2015 book by Saeid Golkar

Captive Society: The Basij Militia and Social Control in Iran is a book written by Saeid Golkar and published by Woodrow Wilson Center Press and Columbia University Press in June 2015. The book presents the first concentrated, in-depth analysis of the Basij, Iran's a prominent paramilitary organization that suppresses dissidents, votes as a bloc, and indoctrinates Iranian citizens.

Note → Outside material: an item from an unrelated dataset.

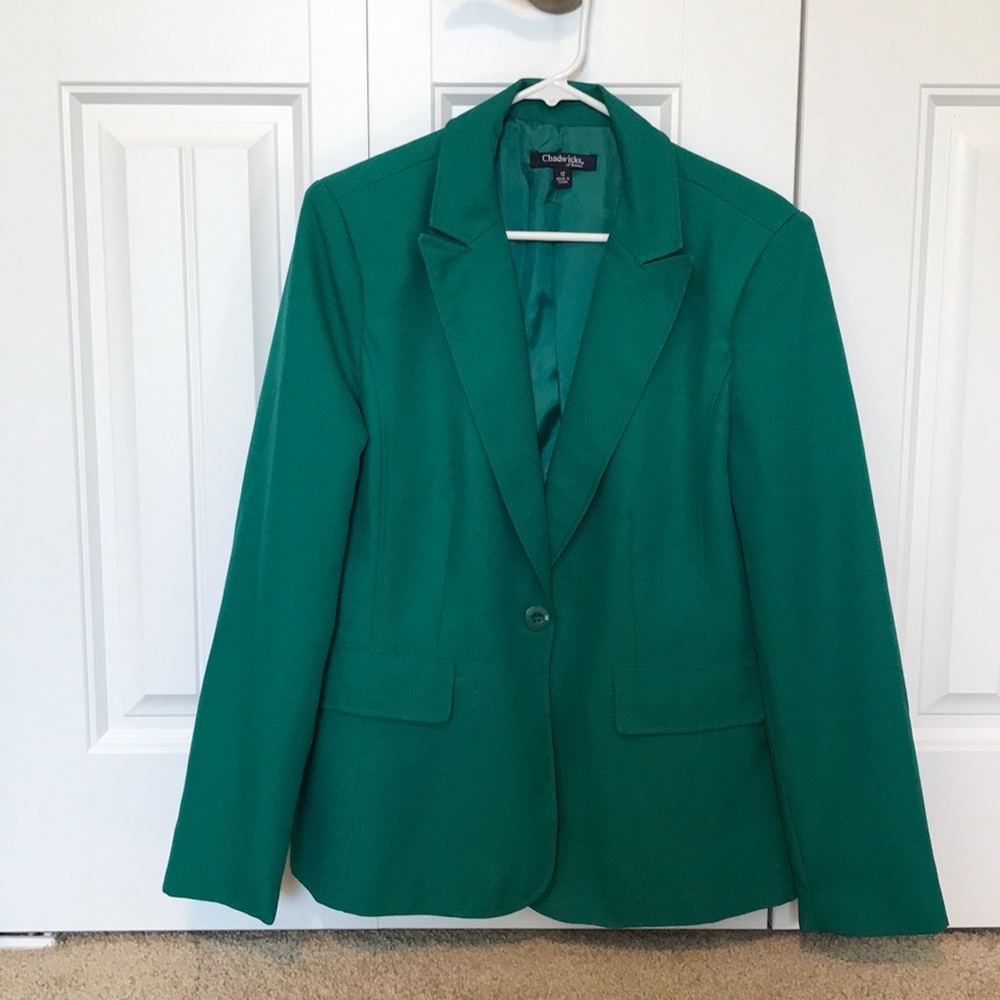 Chadwicks of Boston Blazer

Golkar draws from a wealth of both published and unpublished sources, from more standard documents such as Basij and Revolutionary Guard publications to his own informal communications with Basij members. The book warns that the power of the Basij in Iran has led to the creation of a "captive society" – one that is run on paramilitary-generated fear. Golkar is an assistant professor in the Department of Political Science and Public Service at the University of Tennessee at Chattanooga, Concurrently, a Senior Fellow at the Chicago Council on Global Affairs (CCGA) and The Tony Blair Institute for Global Change in the UK. He received his Ph.D. in political science from Tehran University in 2008, he has held a postdoctoral fellowship at Stanford University and researched and taught at Northwestern University. he also served as a Fellow at the National Endowment for Democracy and the Woodrow Wilson International Center for Scholars.

The book was selected as one of the best human rights books of 2015. Foreign Affairs journal also called the book, a "skillful rendering". The book was reviewed by The Guardian; New book on basij helps explain how Iran's hardline faction keeps country captive.